The cultural fit is a critical component that often gets overlooked, but if you have ever experienced personality clashes with a partner or communication issues by employees within a team, you know how important culture alignment is to achieving business objectives, value realization, and team morale.

Sports provides many great examples of the importance of culture and team chemistry.  Think about some of the most talented teams you have seen, loaded with the top players in their respective positions, but unable to work collectively as a team. These are the teams that leave everyone shaking their heads as to how they could possibly fail so miserably because on paper they had all the talent in the world.  If a team lacks chemistry you will never be able to extract the perceived paper value.

On the flip side, I have seen teams that are Cinderella stories, reaching heights nobody could have dreamed.  The things all Cinderella teams have are a deep commitment to a single goal and great team chemistry and communication.  The cultural fit of these teams enables them to overcome many shortcomings in talent and experience.  Consider the 1980 U.S. Men’s Olympic Hockey Team — do you believe in miracles?

3. Commercial

The final focus should be on the financial and commercial deal constructs proposed by your suppliers.  I am not suggesting waiting until the very end of the process to obtain this information, as it is necessary and customary to solicit it as part of the RFP, but the focus on commercial negotiations should come after the more detailed capabilities and cultural evaluation.

Using the employee hiring example, it is customary to negotiate the specifics of a compensation package after an offer is made or just prior to tendering an offer, depending on the level of the position.  In some cases, it is perfectly acceptable to discuss salary requirements at a high level during the interview process just to make sure there is not a huge discrepancy in expectations.

Take a similar approach in IT supplier evaluations by soliciting a comprehensive commercial proposal as part of the RFP, but then holding off on the detailed negotiations until you have down-selected to your top two providers, based on capabilities and cultural fit. This approach demonstrates your commitment to selecting the right partner to achieve your business goals and objectives, while also taking into consideration the cost/value equation.

Facets to consider within the commercial bucket include cost, but more importantly, transparency into how pricing is determined.

Other themes to focus on are:

  • Predictability
  • Accountability
  • Flexibility in the commercial construct

The specific commercial terms will vary depending on the nature of the initiative, but they should reflect a long-term partnership and provide a foundation that will enable success.  The terms should also be balanced and well aligned with the roles and responsibilities of each party.

As an example, if a supplier can hold you accountable by issuing a change order for your failure to meet a deadline, how are you able to hold your supplier accountable for their failure to meet their deadlines?

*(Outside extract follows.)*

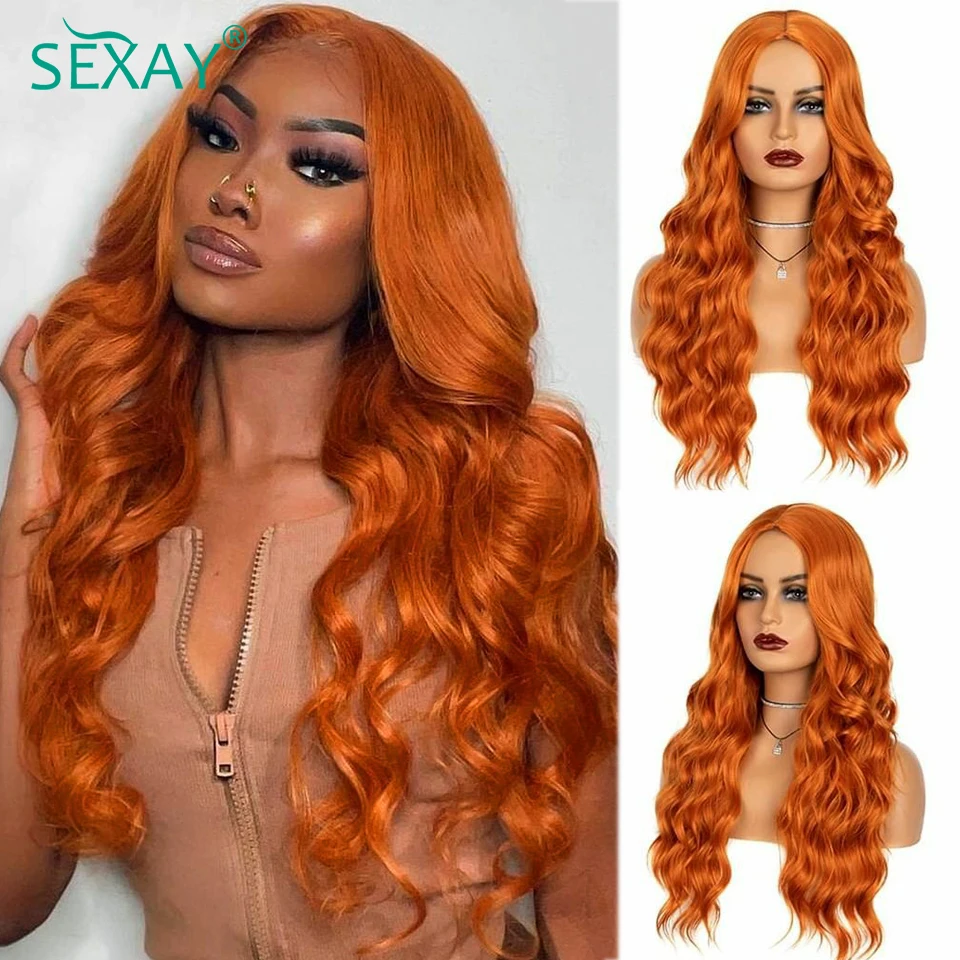 Long Ginger Transparent Lace Front Wig 180 Density 13x4 Brazilian Body Wave Colored Human Hair Wigs Lace Frontal Wig Pre Plucked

There are simply too many commercial terms to discuss specifics, but a balanced, transparent, and flexible commercial construct should be conceptually locked down before making a final IT partner selection.  Suppliers would rather wait until they are selected as your partner before negotiating the commercial terms, but evaluation teams would be foolish not to do so.

Think about it — would you quit your job and tell all prospective companies you interviewed with that you have selected a new employer before knowing and agreeing to the material terms of your compensation plan? 

If you wouldn’t do this in your personal life, then you shouldn’t do this in representing your organization either.

You are not looking to have the contractual documents prepared and ready to sign, but there should be a term sheet or some other document that captures what the parties have conceptually agreed to in terms of price and related commercial terms, prior to making your IT partner selection.  Then you can move into exclusive negotiations on the contractual documents.

While every organization is unique, incorporating this process will provide your team with the tools to conduct an effective evaluation and enable your organization to make smarter IT partner selections.